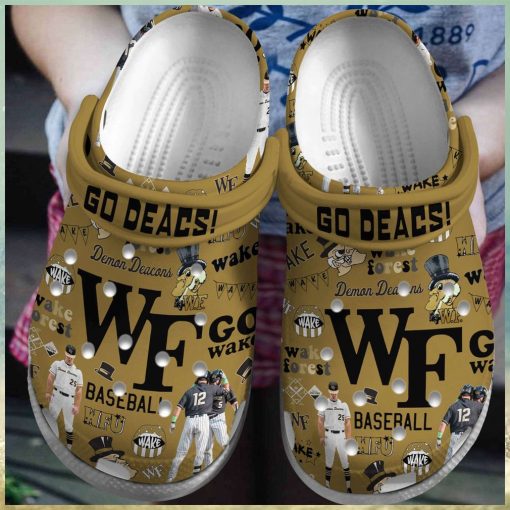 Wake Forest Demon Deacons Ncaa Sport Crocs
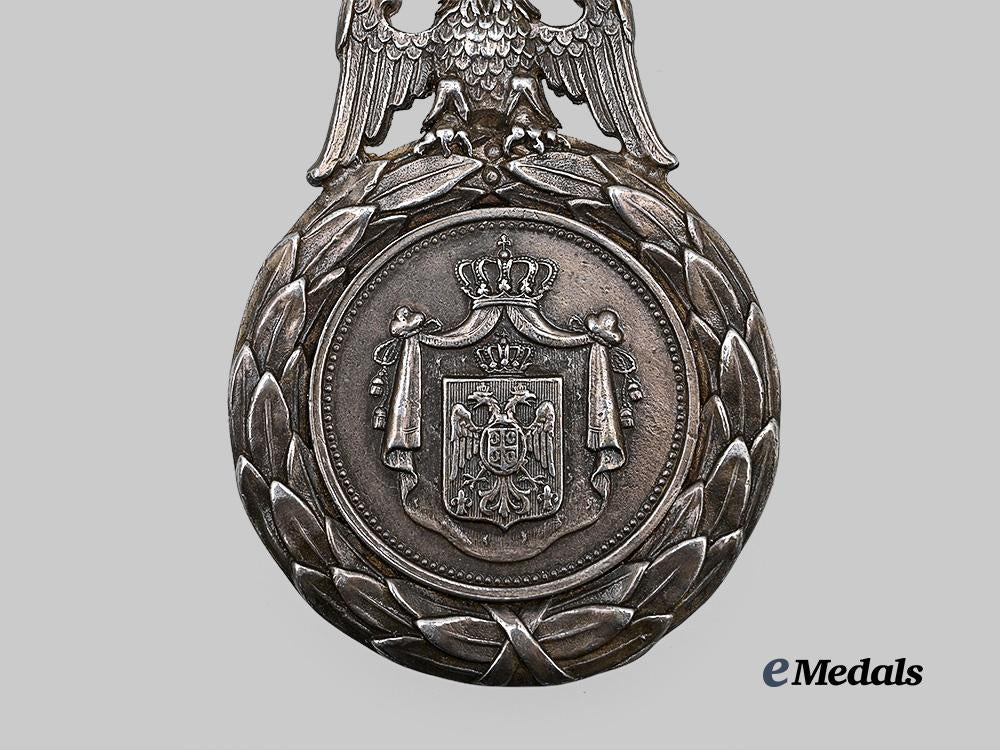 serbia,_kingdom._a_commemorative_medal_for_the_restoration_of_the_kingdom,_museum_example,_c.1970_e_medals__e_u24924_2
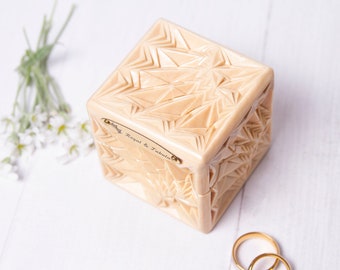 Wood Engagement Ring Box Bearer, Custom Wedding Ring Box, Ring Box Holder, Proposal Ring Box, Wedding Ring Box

== Task to complete ==
I would like the material repeated in full and exactly, with its images omitted.

== Result of this exercise ==
 Wake Forest Demon Deacons Ncaa Sport Crocs
 serbia,_kingdom._a_commemorative_medal_for_the_restoration_of_the_kingdom,_museum_example,_c.1970_e_medals__e_u24924_2
 Wood Engagement Ring Box Bearer, Custom Wedding Ring Box, Ring Box Holder, Proposal Ring Box, Wedding Ring Box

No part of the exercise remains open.